What you need to do: Among the entries below, copy only the span from the line containing "2008 Bmw 528i" through the line containing "Havertown, PA 19083". Do so exactly, and skip the pictures.

Task inputs:
BEGIN

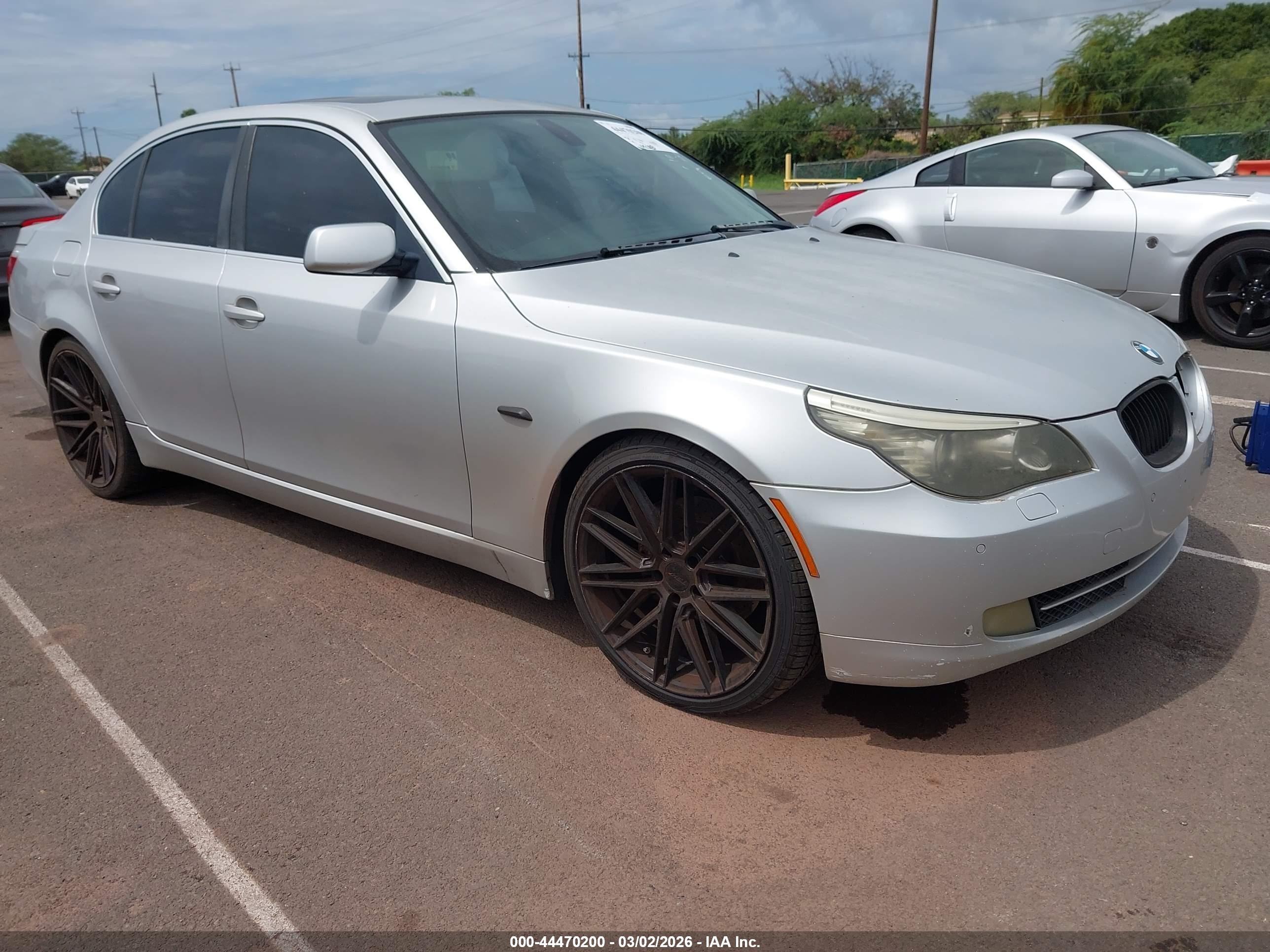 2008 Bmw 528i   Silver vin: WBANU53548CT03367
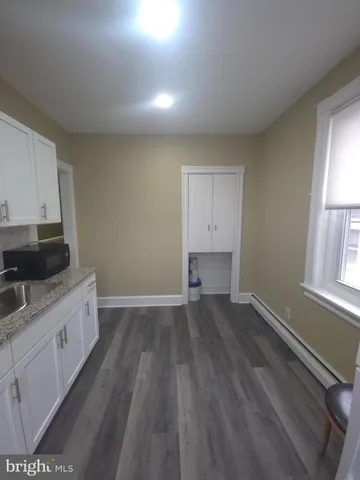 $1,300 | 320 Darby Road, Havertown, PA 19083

END
BEGIN

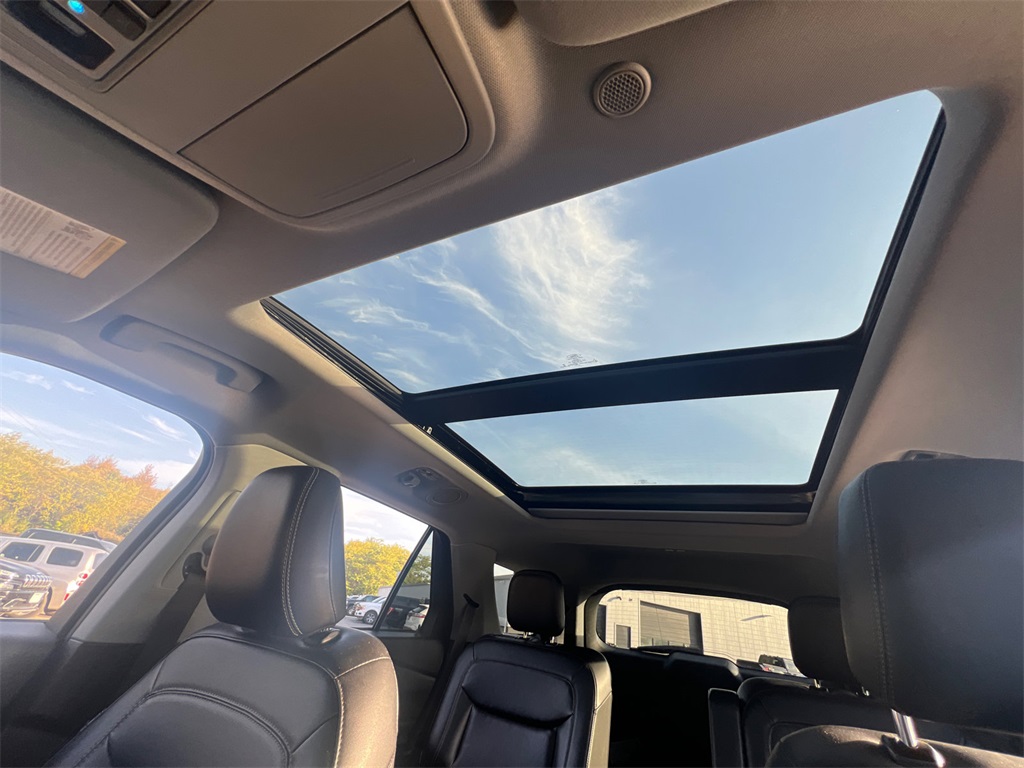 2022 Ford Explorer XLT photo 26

END

Answer to this exercise:
 2008 Bmw 528i   Silver vin: WBANU53548CT03367
 $1,300 | 320 Darby Road, Havertown, PA 19083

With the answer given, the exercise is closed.